But if some members of the system completely shun other system members, eschewing dialogue and interchange, the system becomes brittle, not supple. The next catastrophe is apt to take it down the tubes.

Such member-to-member dialogue within a living dynamical system is yet more powerful than that. Kauffman shows that by virtue of it, the members "co-evolve." They learn better and better survival strategies as they adapt in response to others' adaptations.

This process of co-evolution, Kauffman reveals, even causes the fitness landacape itself to change. What were peaks can become valleys, and vice versa. Anyone who insists on not changing with the times is apt to disappear from the scene.


The Jewish nation — but, thankfully, not the Jewish people — disappeared in about 70 A.D., after the siege and fall of Jerusalem, at about the time Christians were ceasing to call themselves a Jewish sect and were beginning to worship Jesus, not just as the longed-for messiah, but as true God come to earth. Yet I don't intend this as a retrospective "I told you so" story. I intend it to suggest, rather, the Jesus was a very wise man. He didn't need computer models and cyber-simulations to tell him that solidarity is powerful and dialogue is divine. He simply knew.

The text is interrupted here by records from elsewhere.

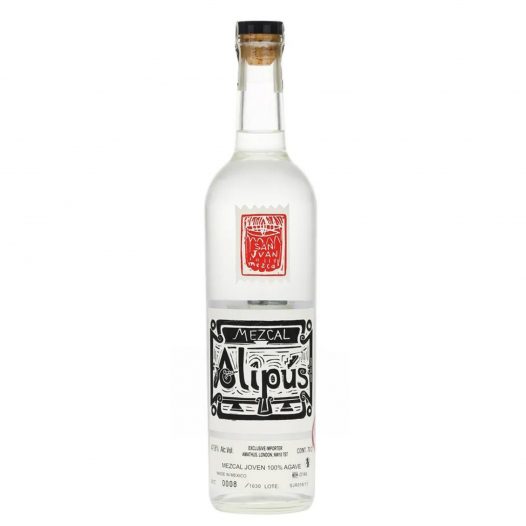 Mezcal Joven Alipus 700 ml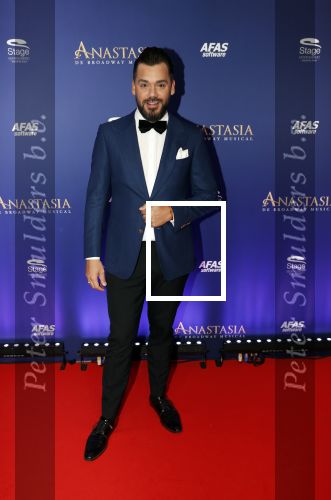 Scheveningen 22 september 2019
Premiere Anastasia in het afas Circustheater. Janice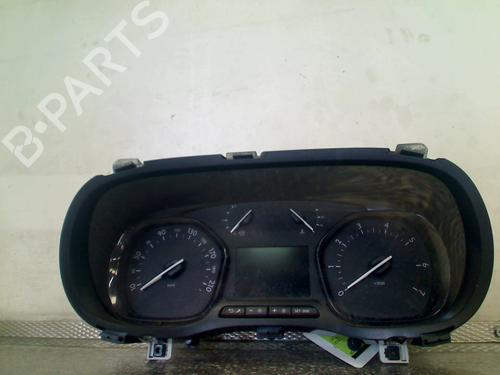 Instrument cluster OPEL VIVARO C Van (K0) 2.0 | BP39136086C47 - Image 2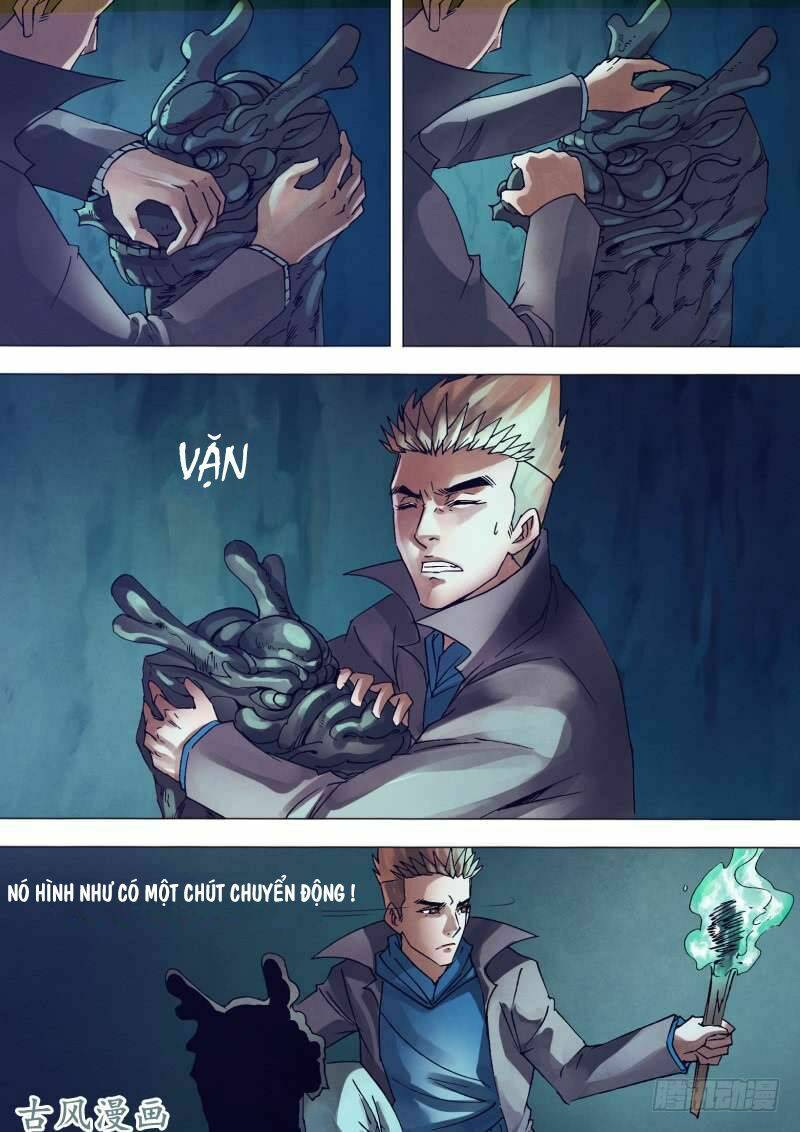 địa ngục thần y chapter 149 4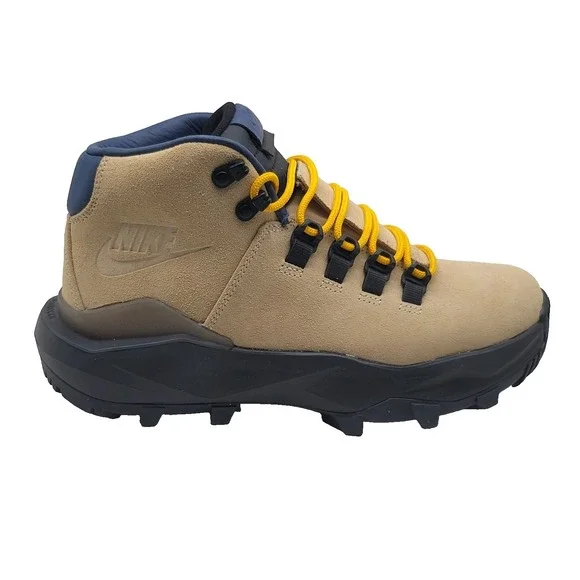 Nike Cygnal Hiking Boots Mens 7 Desert‎ Ore Waterproof FV4332-201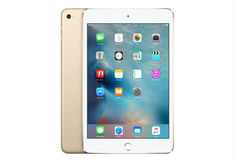 Планшет APPLE iPad mini 4 128Gb Wi-Fi MK9Q2RU/A, 2GB, 128GB, iOS золотистый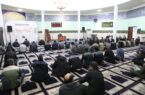 برگزاری آیین عزاداری شهادت حضرت‌فاطمه(س) در مسجد گل‌گهر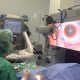 Операции с 3D очила в три очни болници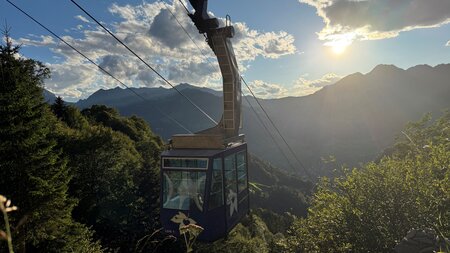 Nidwaldner Wanderwege – Von der Bannalp zum Haldigrat | © Nidwaldner Wanderwege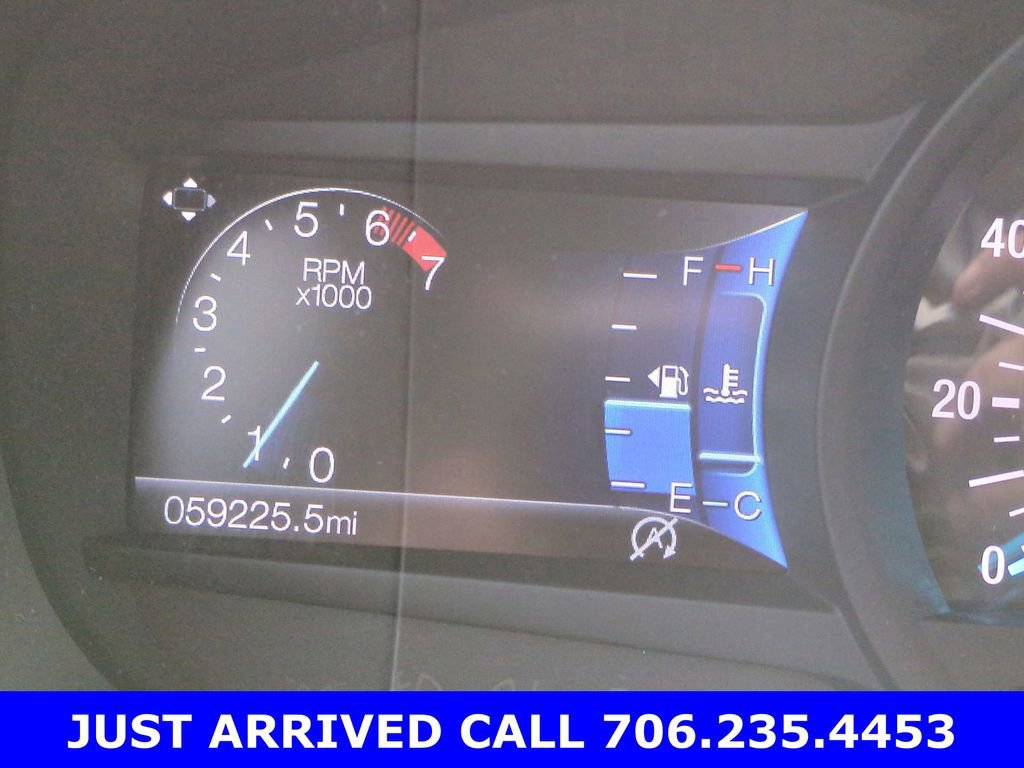 Certified 2024 Ford Edge SEL image 26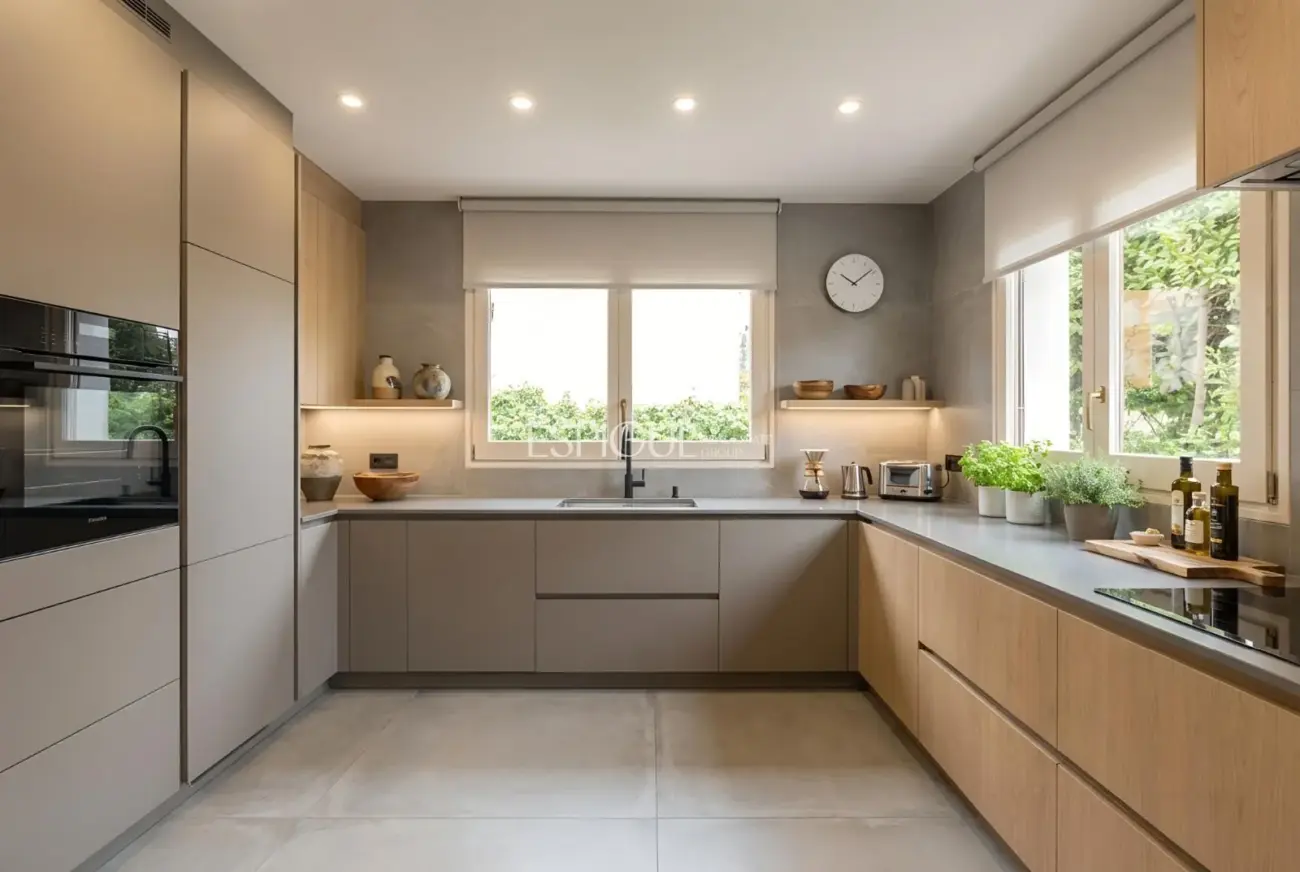 Villa à vendre dans le quartier Arxiu de Sant Cugat del Vallès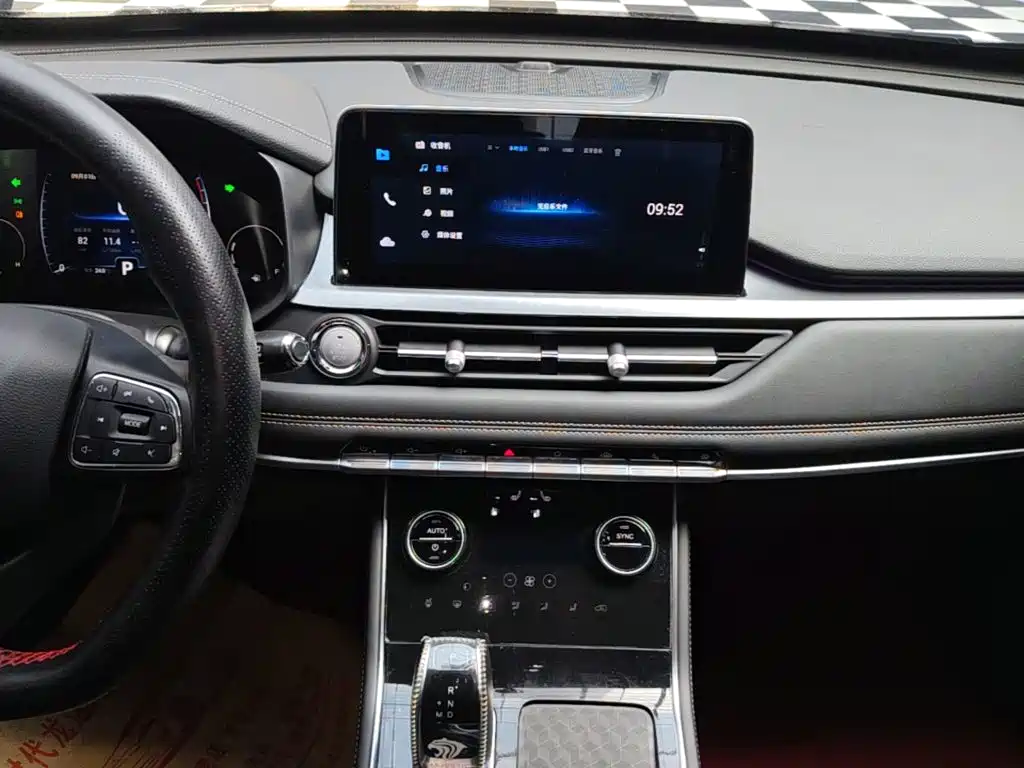 Chery Tiggo 8 — миниатюра 13
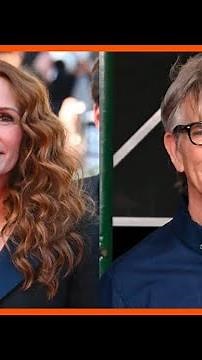 The fierce fight between Julia Roberts and her brother Eric #Shorts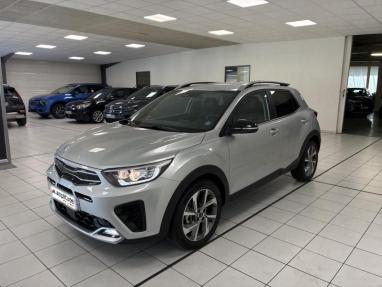 Voir le détail de l'offre de cette KIA Stonic 1.0 T-GDi 100ch GT Line de 2024 en vente à partir de 185.5 € / mois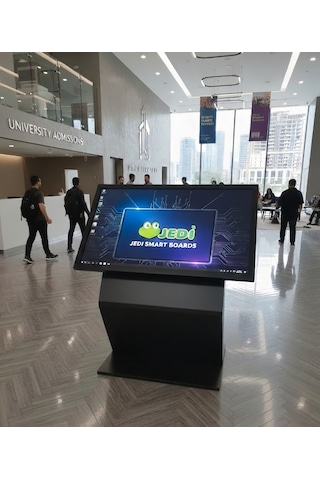 Wenn Totem Dokunmatik Kiosk 32"  Windows 10 16GB RAM 240 SSD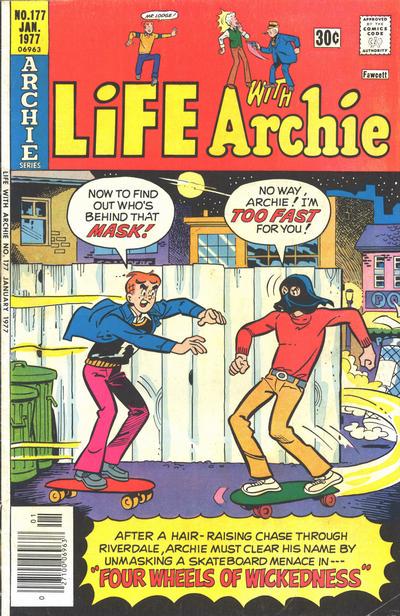 Life with Archie #177 (1977) Comic Books Life with Archie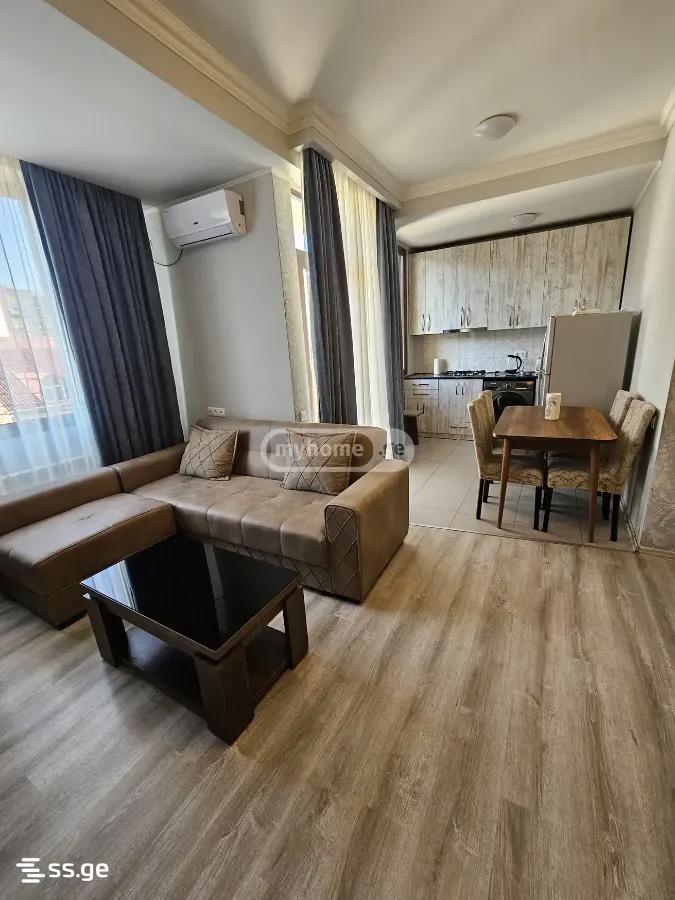 Oniashvili st. - 2 rooms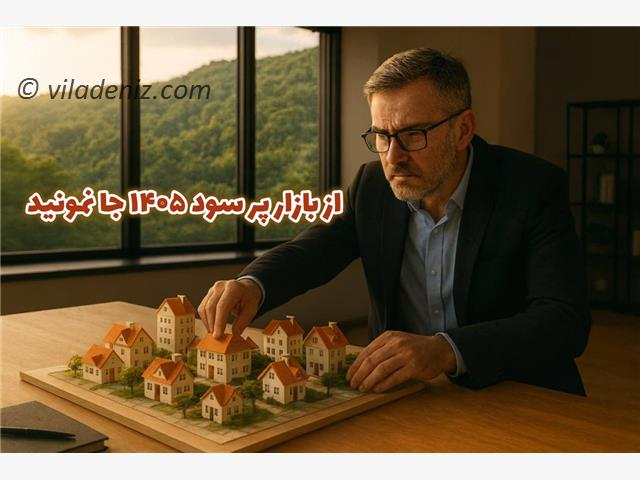 اقتصاد دانان سال 1405 را سال ملکی میدانند و بازار پر سودی برای سال آتی تحلیل کرده اند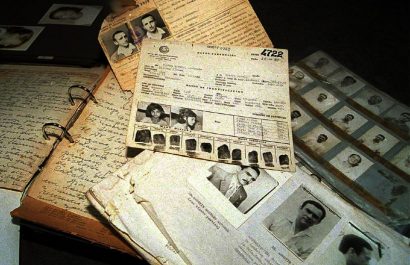 En los años setenta, las dictaduras sudamericanas, mediante la Operación Cóndor, coordinaron una represión transnacional contra opositores, justificándola como lucha contra la subversión y el comunismo.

The theologcial implication is clear. If, as Christians or as members of any other religion, we entrench ourselves behind ideological fortress walls on what is, or used to be, a much-vaunted fitness peak, we risk that the co-evolution going on around us will change the landscape, level our peak, and crumble our walls.

Now, to furnish a concrete example — and to risk the scorn of theological conservatives — I refer you to two posts I made to my A World of Doubt blog: Cardinal Keeler's Boycott and Of Pedestals and Fulcrums. The point of both was to criticize my local archbishop, Cardinal William Keeler, for refusing to share the stage at Loyola College's recent commencement exercises with New York City's ex-mayor Rudy Giuliani.

Giuliani was asked to furnish the keynote address in honor of his courageous leadership in the wake of the 9/11 World Trade Center attack, which occurred just as these graduates were beginning as freshmen. But Giuliani had gone on record, as a public official, as supporting women's abortion rights, however much he privately disapproves of abortion. So the Baltimore Archdiocese announced it would send no representative to the graduation ceremony of a Catholic instution of higher learning within its jurisdiction.

Not that the festivities would include words from Keeler or any of his minions, for archdiocese representatives do no customarily speak at Loyola graduations. Still, the cold shoulder was a symbolic way of saying no to dialogue with lay Catholic public servants who, like Giuliani and last year's presidential also-ran, Senator John Kerry, feel they should uphold the law of the land — which, since Roe v. Wade in 1973, permits abortions.

"No to dialogue" is not a salt-of-the-earth strategy. Dialogue and solidarity, not stiffness and self-righteousness, even in the most godly of causes, are the only way the salt which has "lost its saltiness" can be made salty again. They are the one way that systems threatened by chaos, dissolution, and death can be restored to life and health.